We’ve even had a service accidentally DOS us by requesting so many tokens the DB couldn’t keep up and keystone ran out of DB threads. Hopefully all this is solved by Fernet tokens.

Will this cause an outage to switch to?

Switching token providers will cause an outage. All the old tokens you’ve issued are now 100% useless. So prep accordingly. I will give some updates to the next blog post on how long this was and what issues we saw when we did it.

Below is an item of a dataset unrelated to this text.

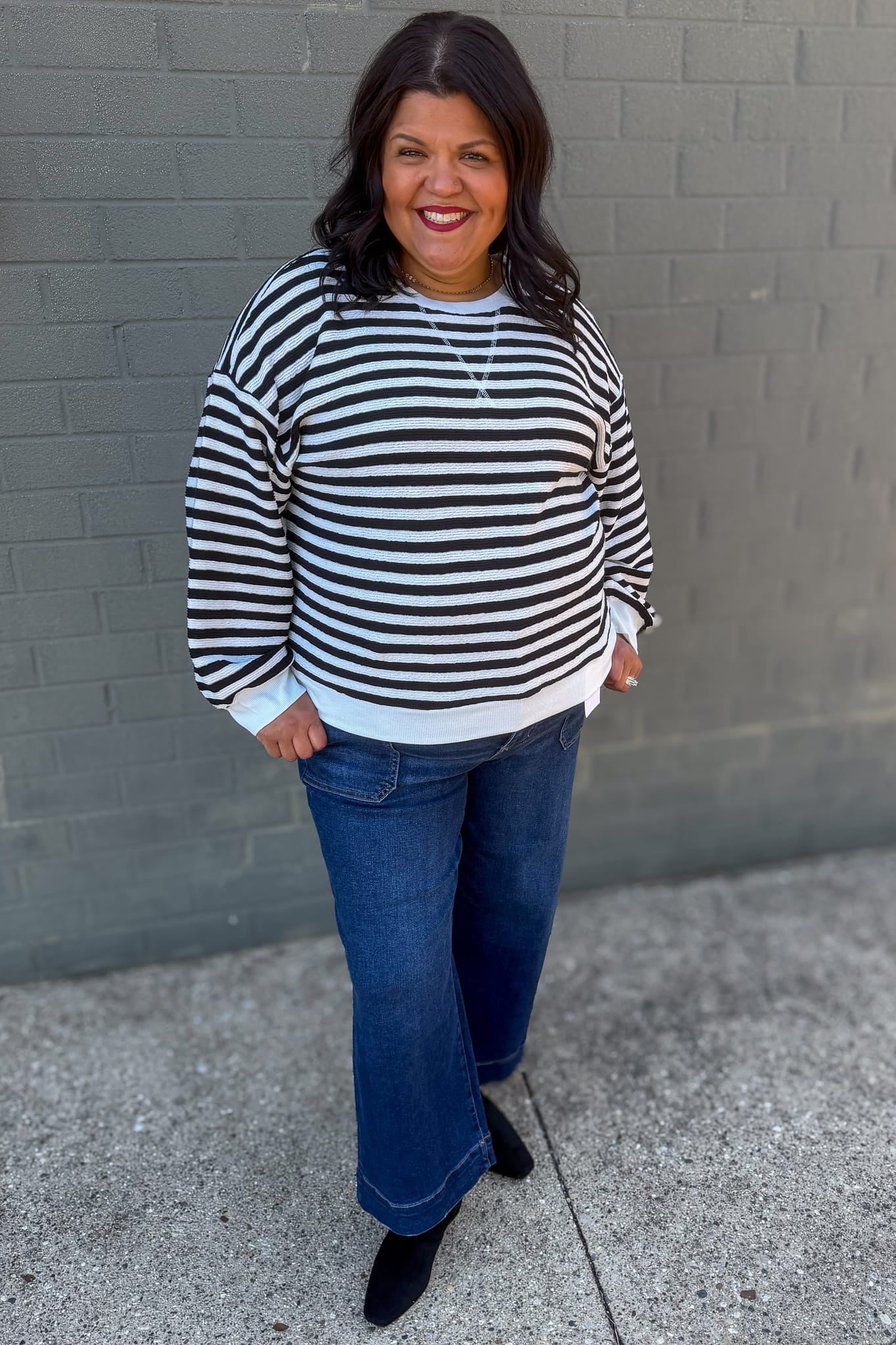 Black Striped Rib Banded Pullover Styled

Do I need to be only Kilo/Liberty?

  • Horizon – you need a newish copy of django_openstack_auth which I think is in Liberty
  • Keystone – you need to be on Kilo
  • python-keystonemiddleware it’s best to have at least 1.1.0. If you have 1.0, you MUST restart all OpenStack services are switching tokens
  • Everything Else – Shouldn’t matter!

A note on python-keystonemiddleware. In 1.0.0 if a service (say Nova) can’t use it’s token for some reason, it won’t try to get a new one until the old one expires. So if you switch to Fernet’s you have to restart all OpenStack services that talk to Keystone or they will not work. We already have some ansible to do this mainly in response to RabbitMQ issues but it works here too.

How do I get Keys onto the boxes?

All keystone nodes in your cluster need to have the same keys. Fortunately there is the concept of rotation so there’s no outage when switching keys, there’s always a key thats “up next” or “on-deck” so that when you’re rotating you switch to a key that’s already on every box. Now as for getting the keys there. I’m going to use puppet to deploy keys that I store in hiera and rotate with a jenkins job, but there are other ways like a shared FS or rsync. More details on my method once I know it works in a later blog post!

How does key rotation work?

What Fernet Rotation Looks Like

What Fernet Rotation Looks Like

If you read through the information on Fernet tokens, key rotation is by far the most confusing. I’ve sat down with pen and paper and now think I get it, so allow me to explain. I’m going to use a 3 key example here, they keys are named with numbers. I highly encourage you to setup a throwaway Keystone box and use keystone-manage fernet_rotate if you don’t follow this.

You need to know 4 rules about how these keys work first:

  1. The highest numbered key is the current signing key.
  2. The 0 key is the key that will become the next signing key.
  3. All other keys are old keys, they’ve been used in the past and there might be old tokens out there still signing with them depending on your expiration schedule
  4. New keys are always created as key 0.

Starting position, per the rules above.

  • 0 – this is the on-deck key, after the next rotation, it’s primary.
  • 1 – this is the old key, it used to be primary, and its still here in case any old tokens are still signed with it. Next rotation it gets deleted.
  • 2 – this is the current primary key thats used for signing.

Now we do a Rotation…

  • 0 becomes 3
  • 1 gets deleted
  • 2 stays 2
  • a new key becomes 0
A Fernet Rotation in Action

A Fernet Rotation in Action

So How does this work?

Let’s pretend we have a few tokens since this is a running OpenStack cluster. All tokens before the rotation above are signed with 2. We do the rotation, now new tokens are signed with 3. When a token comes in, Keystone tries both 3 and 2 to decode the token, and either should work. At this point we CANNOT rotate again until no more active keys are signed with 2, because 2 is going to be deleted! This means you need to have more tokens if you plan on rotating more frequently or have a long token expiration time. We’re going to rotate roughly weekly, and we have a 2 hour token timeout, so 3 is plenty.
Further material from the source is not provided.